> [Provided entries]
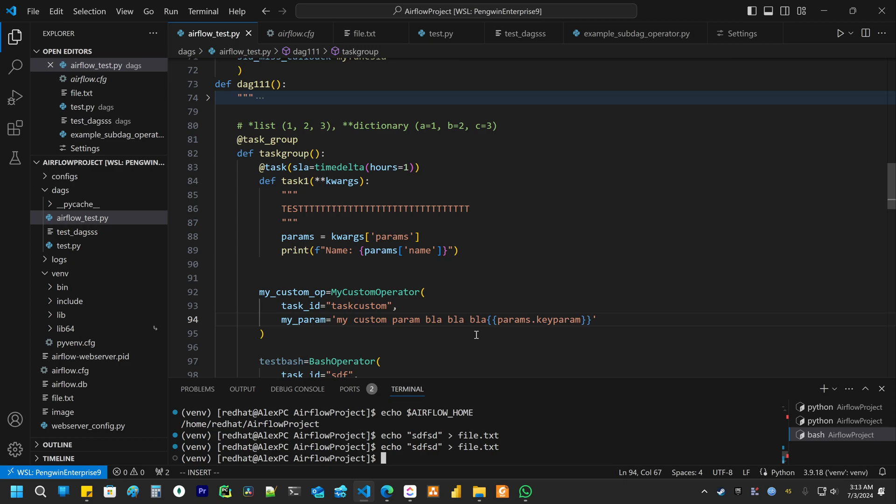You also can trigger your pipeline with CLI and set the parameters. Like for example, using the Airflow DAGs trigger and then you use a JSON.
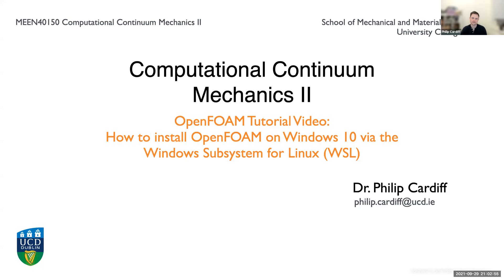Hello everybody, in this video we're going to go through how to install OpenFOAM on Windows 10 and we're going to use this WSL, this Windows Subsystem for Linux, to do that.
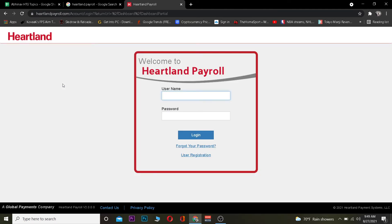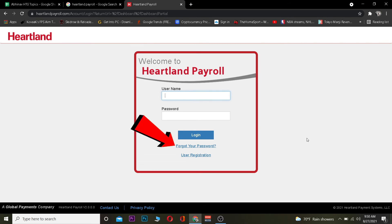Once you're on the website, enter the username and password of your account, then click on Login and you should be able to log in. If you're not able to log in, your username or password is incorrect, so make sure to type the correct credentials. If you forgot your password, you can click on 'Forgot your password' to recover it.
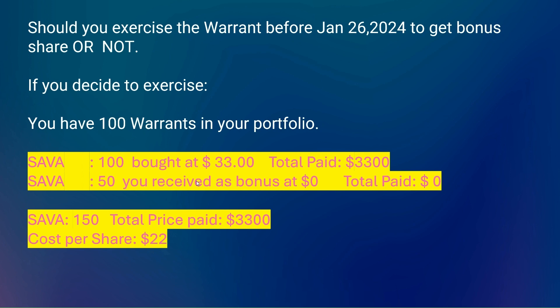Since you are exercising it before January 26, 2024, which is just a few weeks away, you will get 50 extra shares as a bonus. So what you did is gave your 100 warrants to the brokerage house and in return got 150 SAVA shares and paid a total of $3,300. If you convert that $3,300 to 150 shares, it comes out to around $22.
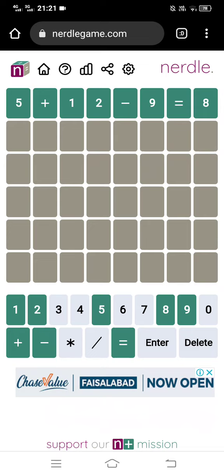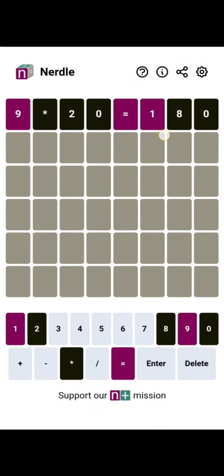If any of your guesses are highlighted in green, that means you have the right guess in the right spot. If any of them appear as purple, it means you have the right guess but in the wrong spot. And if any of them appear as black, it means that it does not appear in the answer anywhere.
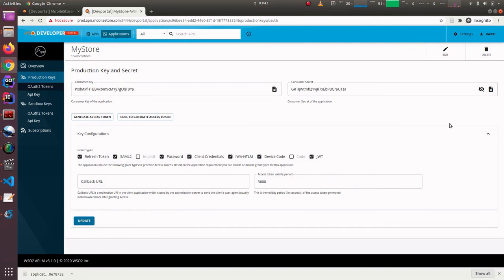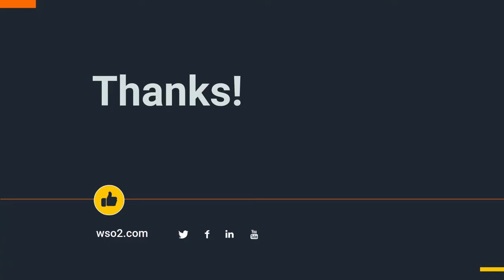We can click on Generate Keys to create a new set of keys for the production environment. That comes to the end of this demonstration. Hope you could learn some basics of the typical API management CI/CD process from this demonstration. Thank you, and have a good day.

> [Assignment] Reproduce, exactly and with no pictures, the lines from the line containing "Since you are" through the closing line of the data above, keeping both ends.

> [Written answer]
Since you are exercising it before January 26, 2024, which is just a few weeks away, you will get 50 extra shares as a bonus. So what you did is gave your 100 warrants to the brokerage house and in return got 150 SAVA shares and paid a total of $3,300. If you convert that $3,300 to 150 shares, it comes out to around $22.
If any of your guesses are highlighted in green, that means you have the right guess in the right spot. If any of them appear as purple, it means you have the right guess but in the wrong spot. And if any of them appear as black, it means that it does not appear in the answer anywhere.
We can click on Generate Keys to create a new set of keys for the production environment. That comes to the end of this demonstration. Hope you could learn some basics of the typical API management CI/CD process from this demonstration. Thank you, and have a good day.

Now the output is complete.